Героическое поведение Всеволода в последней отчаянной битве описывается образами, напоминающими русские народные эпические сказания — былины, известные благодаря записям, сделанным в начале нашего столетия: «Ярый тур Всеволод! Бьешься ты в бою, прыщешь ты на воинов стрелами, гремишь о шлемы мечами булатными! Куда, тур, поскачешь, своим златым шлемом посвечивая, там лежат поганые головы половецкие. Рассечены саблями калеными шлемы аварские тобою, ярый тур Всеволод!»
Нигде в русской литературе, письменной или устной, не найти описания подобной высоты воинского накала, такой сверхчеловеческой или животной ярости, с какой запечатлены воины князя Всеволода, куряне: «А мои‑то куряне — опытные воины: под трубами повиты, под шлемами взлелеяны, с конца копья вскормлены, пути им ведомы, овраги им знаемы, луки у них натянуты, колчаны отворены, сабли изострены; сами скачут, как серые волки в поле, ища себе чести, а князю — славы».
Этот последний мотив, воспевающий «честь» и «славу», раскрывает иную сторону того же самого феодального идеала. Слава во имя реального величия, особенно приходящая после смерти, и честь на низших социальных ступенях составляют нравственное благо, плод и преимущество воинской добродетели, доблести. Слава достигается не удачей или политической мощью, но бесстрашием. Вот почему поэма завершается «славословием» князю Игорю и его родичам, хотя с политической точки зрения их поход был обречен на неудачу и завершился поражением. В этом же духе поэт прославляет предка княжеского рода Ольговичей, которого он нарицает Гориславичем, именем, в котором сочетаются слова «горе» и «слава». Он прославляет также древнего Всеслава — «кудесника», дедовской славы которого лишились его слабые потомки. Оба они — Олег и Всеслав — оставили после себя печальную память в анналах Руси, которые были хорошо известны нашему поэту. Они были главными «кузнецами вражды», героями гражданских войн. Если для поэта или князя Игоря они таят еще отблеск славы, как Олег для Бояна, то это лишь в силу их личной храбрости, тяги к рискованным приключениям, которые отличали самого князя Игоря, а также потомков князя Олега.

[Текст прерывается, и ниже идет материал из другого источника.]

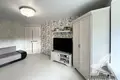 Квартира 2 комнаты 56 м² Брест, Беларусь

То, что составляет славу князей, является честью для дружины, их слуг и воинов. Рефрен: «ища себе чести, а князю — славы», повторяется дважды в сценах битвы. Идея «чести» как личностная ценность, покоящаяся на осознании воинского достоинства, весьма важна для исторической оценки культуры Древней Руси. Эта идея была особенно значимой на средневековом феодальном Западе. Несомненно, понятие о чести легло в основание аристократических свобод и, соответственно, стало основанием современной демократии. С другой стороны, широко было распространено мнение, что идея чести была чужда русскому национальному характеру и православному пониманию христианства. И действительно, тщетно искать истоков этой идеи в византийской социальной этике или в более позднем московском обществе, где под «честью» понималось социальное положение, даруемое государственной властью. На нехристианском Востоке, в исламском мире и Японии сознание личной чести развито столь же сильно, хотя оно лишено той религиозной поддержки против притязаний государства, которую даровала личности средневековая Католическая Церковь.